Wheels have been turning
WAIKAPU – The Maui Tropical Plantation has embodied Hawaii’s past and present for the past three decades as an agricultural and tourism destination.
When it opened in 1984, the plantation signified a shift from the shrinking sugar cane industry into the burgeoning tourism market, complete with a restaurant and tropical plant market. The popular attraction was a first of its kind – an ode to a bygone era.
Mike Atherton, owner of the plantation, is paying respects to that era again 30 years later.
Major renovations are being completed on the plantation’s restaurant, including new floors, a remodeled stage and construction of a brand new bar area. The bar includes a locomotive engine from Maui’s old plantation days and a passenger train car dating back to the Hawaiian monarchy.
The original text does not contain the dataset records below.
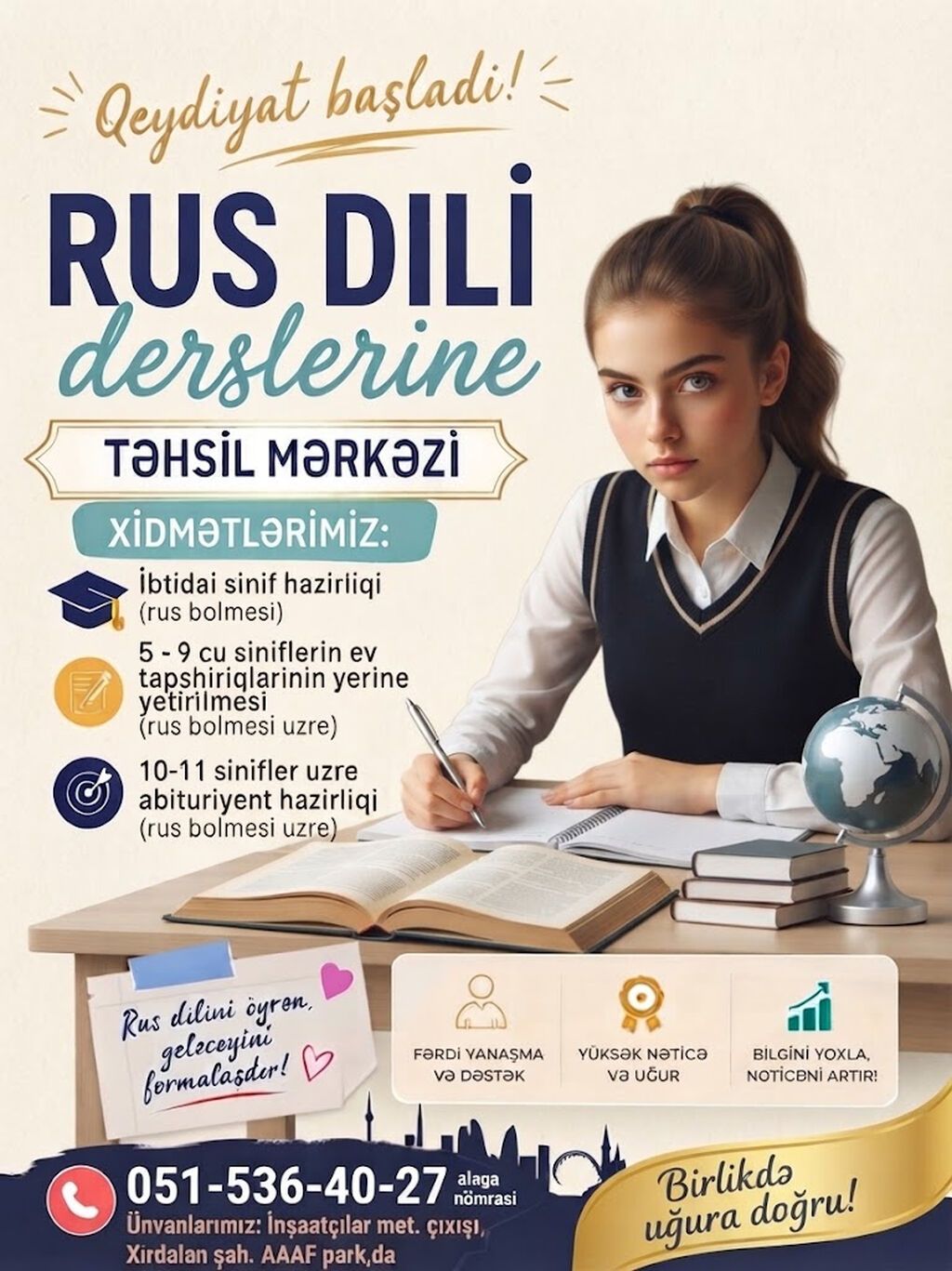 Ibtidai sinif hazirliqi (rus bolmesi), -Rus dilinden 5 - 9 cu — Xarici dillər, Bakı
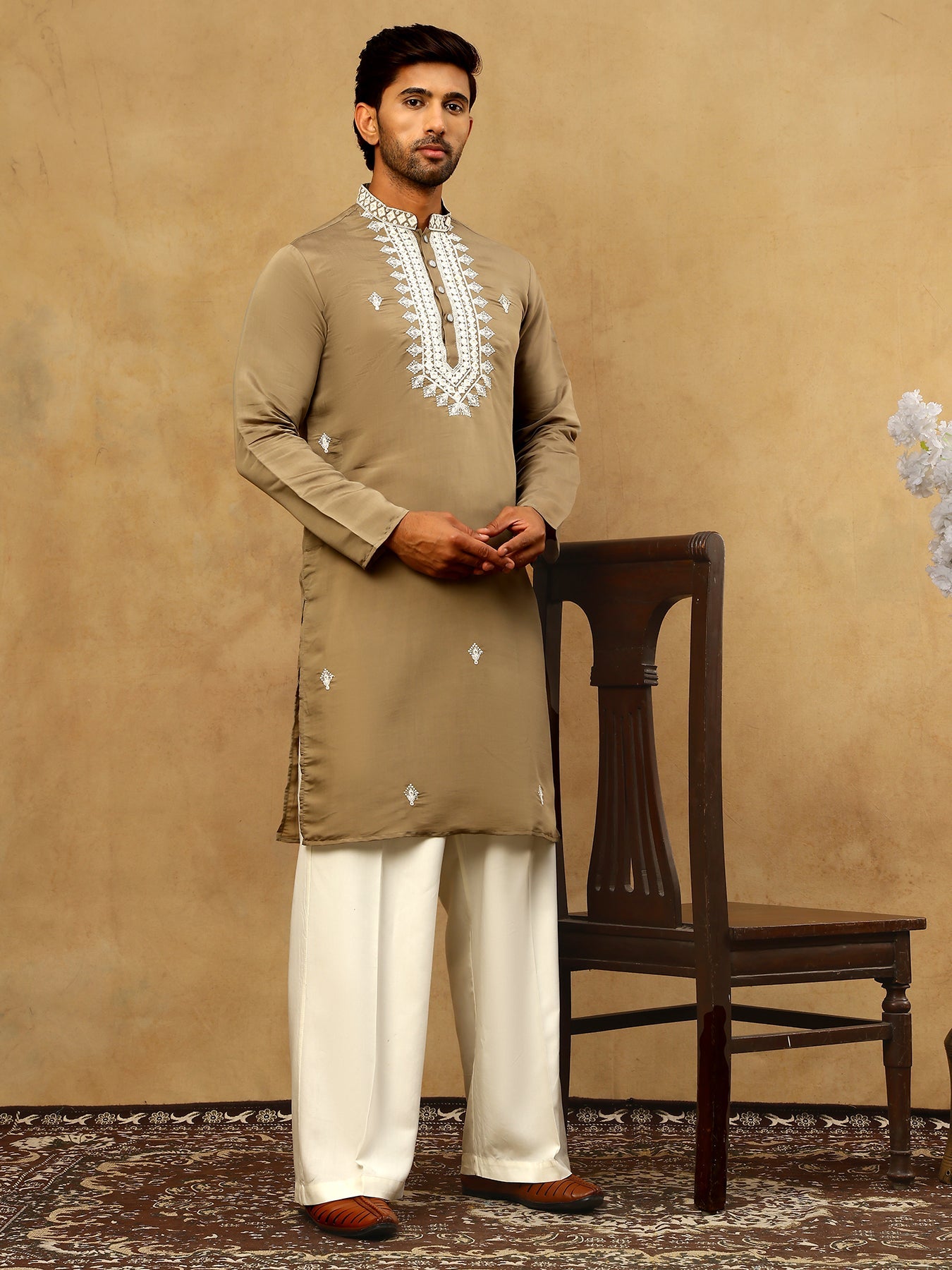 Silk Blend Embroidered Ethnic Kurta Pyjama Set ( JOKP PJ11W 5075Beige )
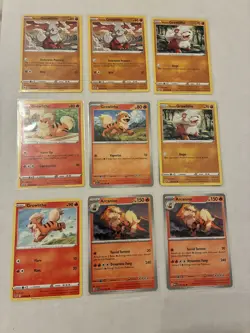Lot Of 9 Growlithe and Arcanine Pokemon Cards - Image 1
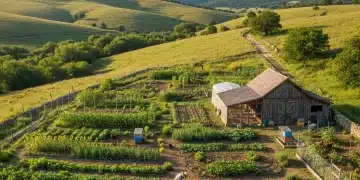 Vibrant small-scale farm with diverse crops, farmer working, and green hills.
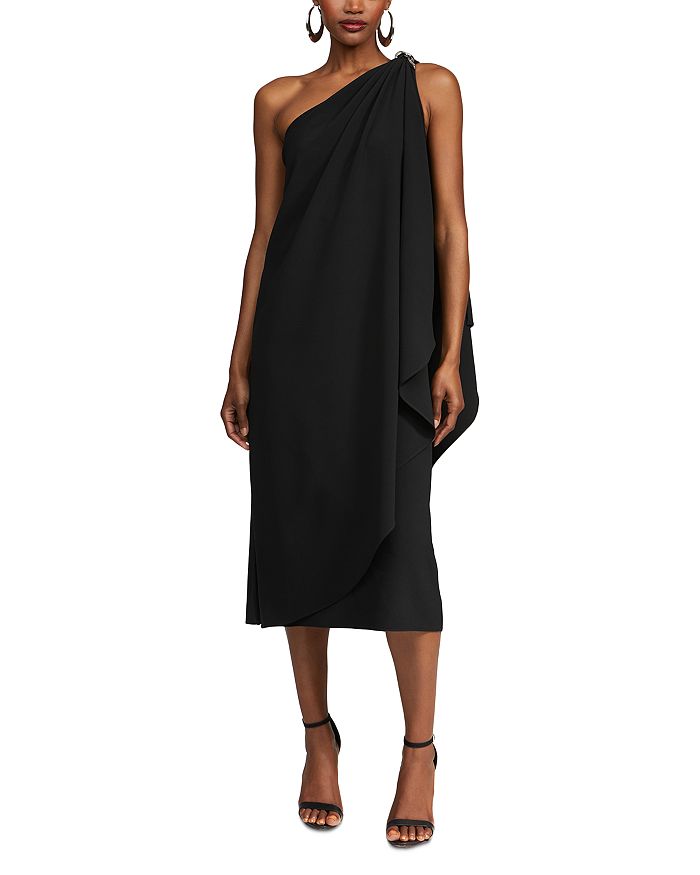 

Платье из крепа «Овен» HALSTON, черный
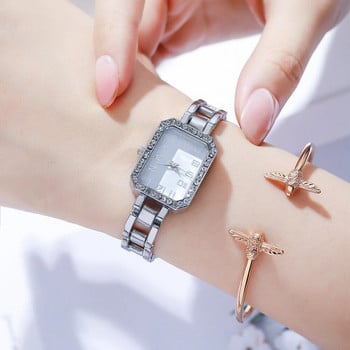 Πολυτελές γυναικείο ρολόι 2023 Νέο απλό τετράγωνο ψηφιακό ρολόι χαλαζία Full Diamond Χρυσό βραχιόλι από ανοξείδωτο ατσάλι Γυναικείο ρολόι φορέματος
The landscape outside of the restaurant and next to the new bar has undergone a complete overhaul with the addition of a pond and fountain that showcases remnants of the old Wailuku Sugar Mill that once sat off Mill Street with St. Anthony Catholic Church on the other side of the road.
“I bought this property from C Brewer & Co. in 2006, hoping some day I would resurrect the mill as a sculpture,” Atherton said while staring at the restaurant last month. “When we’re all done, this will be The Mill House.”
Atherton pointed to old equipment, such as giant sugar cane grabbers, flywheels, rollers, gears and a locomotive smokestack that have been built into parts of the approximately 1,000-square-foot bar. He added that about two dozen royal palm trees have been planted inside and outside of the open-air bar.
The plantation had not previously undergone a major renovation in its three decades of business.
“It’s cost a few bucks,” Atherton said. “We’re about two-thirds of the way done. The hard part is behind us so we’ll have to spend the next year to get it done, maybe sooner.”
While Atherton is revitalizing the old mill through the plantation, he credited former Wailuku Agribusiness Co. Inc. (predecessor of Wailuku Sugar Co.) President Avery Chumbley for acquiring the equipment and coming up with the idea.
Chumbley, a former Maui Tropical Plantation general manager, helped build the attraction after the Wailuku mill shut down in 1978. Chumbley said the mill’s parent company, C Brewer & Co., looked to diversify into tourism, as well as other foods such as macadamia nuts and pineapple.
About two decades later, the sugar company liquidated its assets and sold some of the Wailuku Sugar Mill equipment to a company in Indonesia and scrapped other parts for metal.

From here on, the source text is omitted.